The secret of Pulcinella (Gioconews April 2016)

Following Naples’s City Council Deliberation n. 74 of 21/12/2015, which was published on the municipal public registry from 04/01/2016 until 19/01/2016 “Gaming rooms and lawful games Rules” has been approved. This follows another decision taken by the City Executive Committee, resolution n.993 of December 23, 2013, whose agenda was to increase awareness of risks connected to gambling. Therefore, the City Council decided to enact an anti-legal gambling regulation, railing against every gaming room (gambling, VTL and others) and every equipment as per comma 6 a).

If closely scrutinized, what emerges is that the City Council has: (i) set a minimum distance such that it basically results in a prohibition of legal gambling; (ii) established mandatory scrutiny of every type of transfer of registered owner in order to terminate all of the existing licenses, including gambling ones; (iii) put in place time restrictions that are more of a daily closing of a shop, rather than a regulatory attempt of it (we are talking about 8 or even of 5 daily hours per device); (iiii) complete ban on gambling advertising.

What is most striking is that such prohibitionist measures (which are clearly illegitimate) are enacted in a time when both the jurisprudence and the legislator are blatantly rebelling against such uncoordinated and a-technical provisions. As already recalled, on the one hand the legislator asked the Joint Conference to put an end to these types of regulations, on the other the jurisprudence is clearly stating that the Municipalities cannot avoid inquiries concerning the crowding out effect of their measures, nor can they refrain from assessing the proportionality of the time restrictions imposed. All of this is true not including the latest remission to the Constitutional Court for the question of legitimacy of an anti-legal gambling regulation in Puglia.

We already discussed about legal gambling operator’s expectations from the Joint Conference. Just as we already talked about jurisprudence. Nevertheless, it is worth recalling a recent Council of State’s ruling which declared illegitimate the minimum distance for the same reason we believe it to be true. Said ruling of 10.02.2016 (R.G. 4452/2015), which confirmes yet another one issued by Emilia Romagna’s Regional Administrative Court (TAR) which affirmed the appeal of a manager against the minimum distance set by Bologna’s City Council, states the following.

First, they clarified that “In this case, if it is true that dissuasive effect of the minimum distances from gaming room (from places where there are people who need to be safeguarded) fulfils a generally accepted criterion, however what is missing is a technical procedure that actually measures the efficacy of said distance”.

 Second, it has been clarified that “Bologna’s Municipality should have extensively analyzed the impact of pathological gambling in its area, then assess a theoretical minimum distance which would serve the scope, and verify if such distance is proportionate and sustainable, meaning that it should not prevent business form relocating to different areas.”

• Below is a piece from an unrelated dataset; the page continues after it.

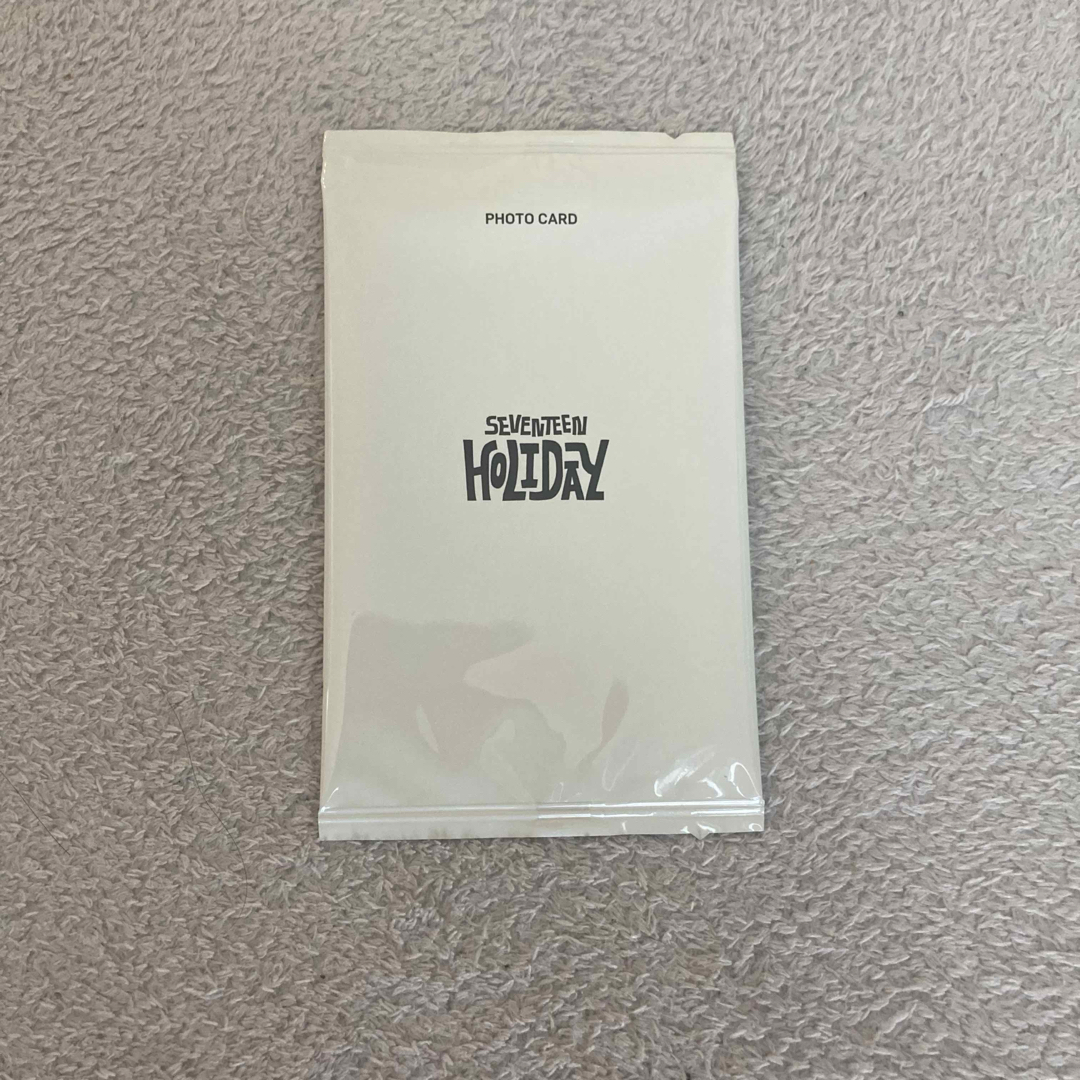 SEVENTEEN HOLIDAY トレカ 新品未開封 1パックの通販 by をみ's SEVENTEEN HOLIDAY トレカ 新品未開封 1パックの通販 by をみ's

Finally, it has also been specified that “It is possible to affirm that in such field they have a broad discretionary power, which can hardly be litigated. However, in this case, the appellant Municipality did not argue, nor does the documentation provided seems to suggest so, that such assessment had been carried out.”

Naples’s minimum distance regulations are exceedingly complex: the prohibition ranges for 500-meter-wide from sensible areas, other types of properties and large areas also fall under the ban, instead for ATMs, banks and postal services 200-meters-range, and other restrictions for equipment. All of it is designed to basically obtain a 97% restricted area.

In other words, Naples’s regulation could without questions be defined as another crowding out effect regulation.

This is true also because of both time restrictions imposed and for the complete advertising ban.

The illegitimacy of such amputations (and not the law itself) have often been recalled. Even in this case the deviation from the national law is multiple and evident, and it also deviates from regional law.

Our attempt to warn against such paradox mostly focuses on the betting aspect the matter.                

As is widely known, on June 30, 2016 gambling licenses will expire. Moreover, it is also common knowledge that, since May 2016, the 2016 Budget Law has called for a new bid (art. 1 comma 932 of the 2016 Budget Law). Needless to say, that the existing legal operators in Naples, if deemed allotters or even if they are just in charge of it, will be obliged to request for new license to the city’s Municipality. Due to the current 97% inhibition of the area, as already discussed, the existing businesses might be located in a forbidden are, however it is impossible for them to relocate because basically there are no places not covered by regulations in Naples.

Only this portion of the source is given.